Quarta coisa que eu tenho aqui é que também tem gente que nunca se dá ao trabalho de fazer coisas básicas, como compartilhar postagens educando ou corrigir outras pessoas fora da comunidade sobre termos mais usados ou maldenominação de pessoas cisdissidentes e tudo o mais. Antes que alguém pense que isso é muito superficial, esse tipo de pessoa também não vai ser o tipo de pessoa que vai em protesto, que vai em rodas de conversa, [que] paga pessoas NHINCQ+ pra cursos quando eles são oferecidos. A questão é que nem ações pequenas e fáceis e que não levam muito tempo a pessoa faz.

Oltiel: Essa é uma questão realmente muito complicada, porque eu vejo muita gente que se acha aliada fazendo isso. Não compartilha os conteúdos, não engaja com os conteúdos, não ajuda a pessoa… Eu fico pensando: “que tipo de aliança é essa que essa pessoa acha que está promovendo, então? Só porque deu um like na postagem, só porque respeita a pessoa pelo menos na frente dela?” Não é suficiente, precisa de muito mais do que isso.

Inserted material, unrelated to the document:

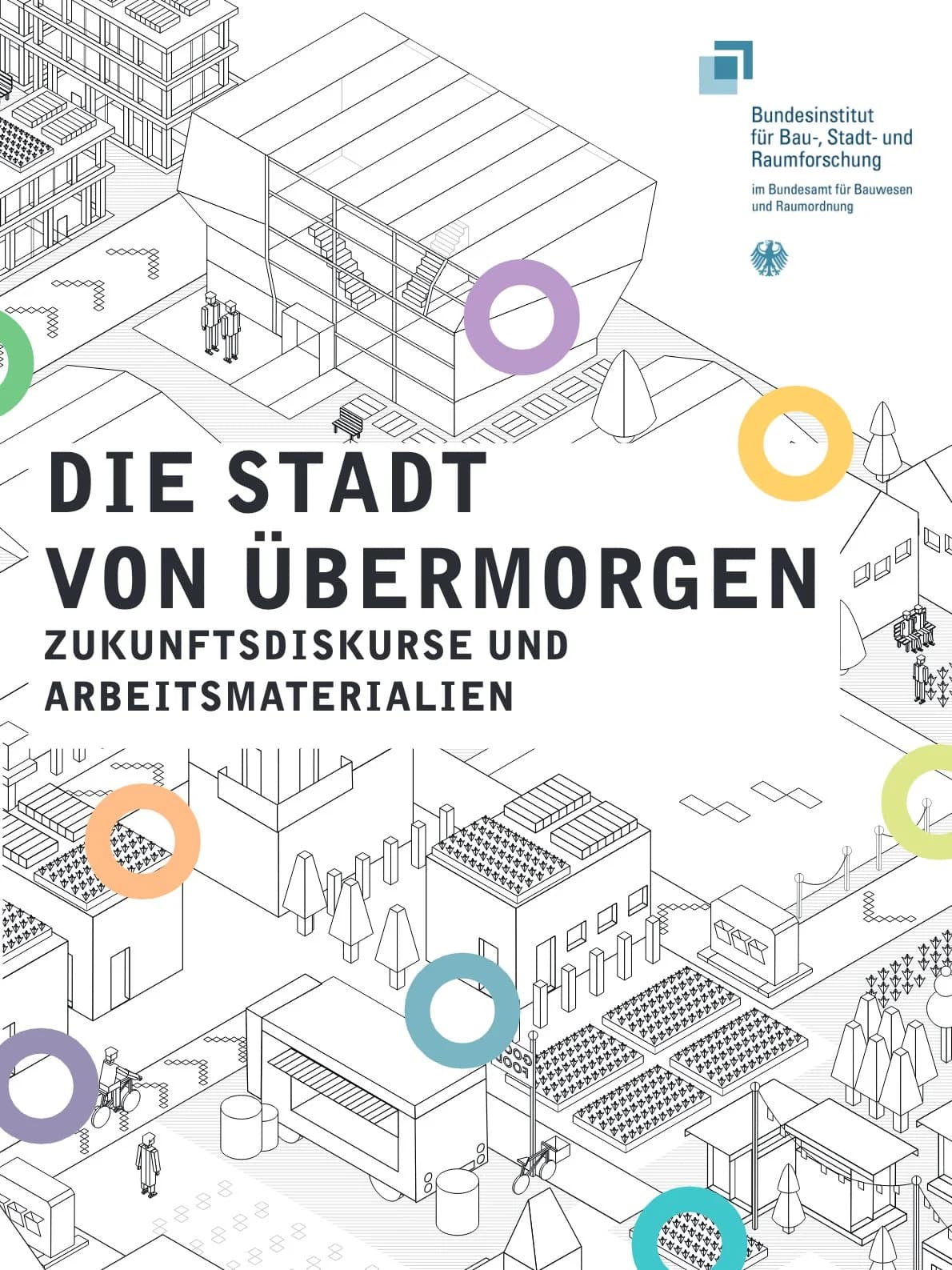 Die Stadt von Übermorgen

E nesse contexto atual nosso de tecnologia, com as redes sociais, o advindo da internet, muita gente está produzindo coisas, e quanto mais você compartilha, melhor, aumenta o alcance das coisas. Tem muita gente oferecendo curso, tem muita gente precisando sobreviver também e oferecendo palestras, tentando espalhar ao máximo a informação. Informação é muito, é muito. Desde que o mundo é mundo [ri] informação é uma coisa muito importante, muito presente. Então ajudar a espalhar a informação já é grande coisa sim. Pode-se fazer mais? Pode-se fazer mais, mas quando eu não vejo nem uma mísera postagem sendo compartilhada– e é uma coisa tão fácil de se fazer, é um ou dois cliques… quando nem isso é feito, fico pensando: “o que essa pessoa tá fazendo? O que essa pessoa é capaz de fazer? E quando ela for confrontada?”… Aliás, essa pessoa realmente respeita grupos dissidentes pelas costas, para outras pessoas?.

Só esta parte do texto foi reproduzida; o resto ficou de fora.